A federal judge ordered the Trump administration to return a recipient of Deferred Action for Childhood Arrivals (Daca) to the US, ruling that her deportation to Mexico last month was a “flagrant violation” of the legal protections afforded to immigrants who arrived in the country as children.

Judge Dena Coggins said in her Monday ruling the administration must return Maria de Jesus Estrada Juarez, a Daca recipient, to the US within seven days. She was arrested on 18 February in Sacramento during her green-card appointment, and was deported to Mexico the next day.

“Less than 24 hours after the petitioner’s good-faith appearance to pursue lawful permanent resident status in this country”, Coggins wrote, “she was removed to a nation where she had not lived in over 27 years, pursuant to an order purportedly entered against her when she was 15 years old.”

Estrada Juarez said in a statement that she was “overwhelmed with relief and hope after learning about the court’s decision”.

She said: “Being separated from my daughter and my home has been incredibly painful. I followed the rules and trusted the process, and I just want to return to my family and rebuild my life. This decision gives me hope that I will be able to come home soon.”

Her daughter, Damaris Bello, said the “past weeks without my mom have been devastating. Nothing has felt the same without her. We are so grateful that the court recognized what was done to her was wrong.”

While the Department of Homeland Security (DHS) argued that she was subject to a 1998 removal order, Estrada Juarez has denied receiving an order of removal.

“This is yet another ruling from a Biden-appointed activist judge,” a DHS spokesperson said. The department said Estrada Juarez “received full due process and was issued a final order of removal from an immigration judge in 1998. She was removed from the US shortly after.”

According to a statement from FWD.us, an immigrant advocacy organization assisting her, this order was “never finalized because it lacked the required supervisory approval”.

Estrada Juarez, who arrived in the US as a teenager in 1998 and worked multiple jobs before becoming a regional manager, had complied with Daca’s requirements for years, according to an interview with the Cut.

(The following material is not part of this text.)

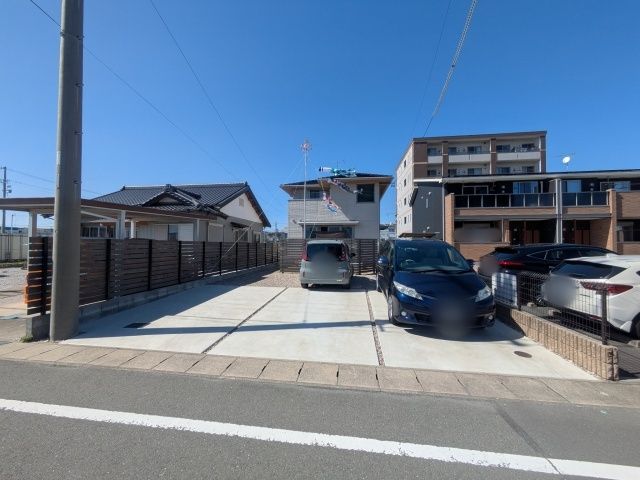 駐車場写真2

She and her 22-year-old daughter attended the green-card appointment, where immigration agents arrested Estrada Juarez in front of her daughter, according to the magazine.

Estrada Juarez filed a lawsuit against the Trump administration earlier this month, arguing that she “could not legally be removed from the United States while in Daca status”.

Former DHS secretary Kristi Noem; acting director of US Immigration and Customs Enforcement (ICE), Todd Lyons; US attorney general, Pam Bondi; and Sergio Albarran, acting field director of the San Francisco ICE office, were named in the lawsuit.

“This case highlights serious failures in the government’s haphazard and irresponsible attempts to remove individuals without following the law,” Estrada Juarez’s attorney, Stacy Tolchin, said. “We are focused on ensuring Maria’s safe return and preventing this from happening again.”